Rabbi Jason Miller said...

Great article on the YouTube video of dancing at Auschwitz by Hugh Collins at AOL News.

Anonymous said...

I think this video clip is wonderful.
Just to be able to celebrate life.
To the surviours and their familes, the world must never be allowed to forget, that so few did survive.
This is not disrespectful.
It say's we are still here, we are alive, we will go forth & multiply.
good on ya....

Ariel said...

I have mixed feelings. I think that it was good that they were dancing outside the box cars rather than in them and I think that a survivor has the right to celebrate his survival however he so chooses.
I think it's important to note that the man and his family are dancing at the sites where the Nazis tried to murder him rather than somewhere like Yad Vashem. I definitely would have liked to hear more about what Adolk himself thought of this as well as the controversy it has caused.
Personally, I would rather dance in Hitler's own house in Berchtesgaden, on top of the Wolf's Den (where Hitler died), or where the Wannsee Conference took place.

Eileen Freed said...

Liked your take. I LOVED this video! A real celebration of life and survival.

Kris Few said...

it's great because they are letting go of the pain from the past and forging happy memories in it's place. to hang onto the pain of the past does nothing for you but to move forward in victory is a true blessing!

Michael Zwick said...

However we feel is irrelevant. Survivors have earned the right to do whatever they want on those horrific sites.

Neal Elyakin said...

I agree with Michael; any personal thoughts we have are overridden by the survivors.

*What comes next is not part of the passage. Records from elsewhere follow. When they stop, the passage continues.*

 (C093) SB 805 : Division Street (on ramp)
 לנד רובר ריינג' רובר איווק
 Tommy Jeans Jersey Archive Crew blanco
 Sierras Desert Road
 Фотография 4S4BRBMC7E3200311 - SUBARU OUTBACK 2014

Jennifer Kief-Khalaf said...

Wow. I think anything that brings attention to the Holocaust is good. We can never forget. The video gave me chills; the pour souls that had to suffer there is very very sad. I'm happy that this family is celebrating life. L'chaim.

Daniel R. Weiss said...

I had a lot of issue with this until a friend told me that it really was worth watching. My issue dealt more with the somberness of the location. Would we dance in a cemetery? Aren't all of the camps, perhaps even all of Poland a cemetery. Having been to Poland twice and visiting the camps, ghettos and museums, with survivors, I think that there are other, better ways that the sentiments could have been displayed.

Years ago, Subliminal and Miri ben Ari did a video together that featured the Bat Sheva Dance Company.

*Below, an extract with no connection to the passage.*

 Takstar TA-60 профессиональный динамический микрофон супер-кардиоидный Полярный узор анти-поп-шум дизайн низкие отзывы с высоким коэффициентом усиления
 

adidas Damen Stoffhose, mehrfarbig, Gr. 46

People asked the same question then about appropriateness.

I remember learning about @Martin Baranek, the survivor who accompanied one of my groups to Poland, who during his first visit back to Birkenau, walked in and out of the gate (time after time) while the rest of the group was waiting on the bus. When he was approached and asked why he was going in and out of the gate, he responded, I want to know what it feels to walk out of here as a free person and I am doing it now for all of my family and friends that could not.

I think that the comments by the survivor at the end makes it very meaningful.

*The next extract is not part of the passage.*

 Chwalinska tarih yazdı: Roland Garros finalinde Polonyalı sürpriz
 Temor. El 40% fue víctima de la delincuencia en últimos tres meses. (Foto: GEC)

There are many ways to find meaning. I applaud this survivor for how he related to his grandchildren and the message that he wanted to give them -

Joel Kahn said...

wow, thanks for sharing, tears, why not celebrate, such a powerful piece

Tovah Eichenbaum said...

I was very moved by this piece. It is a testament to the survival of the Jewish people and a reminder that it is through our awareness of what happened and our vigilance not to let the worst happen again that we thrive.

Sammy Averbuch said...

f#$king LOVE IT

Sherri T. Schiff said...

An affirmation of life in a place of death

Rabbi Jason Miller said...

I hope the grandkids in the video will return to Auschwitz to dance with their own grandkids in the future.

Anonymous said...

When I have seen the Youtube video for the first time, my feelings were very ambivalent. I had learnt, the Jewish people are victims and that joy of life and Holocaust together in a sentence may never fit. This video has taught me of a better one. In the historical facts there is nothing to discuss or to varnish. It was a ghastly murder. I am grateful for the fact that this family has shown that the fascism has not won.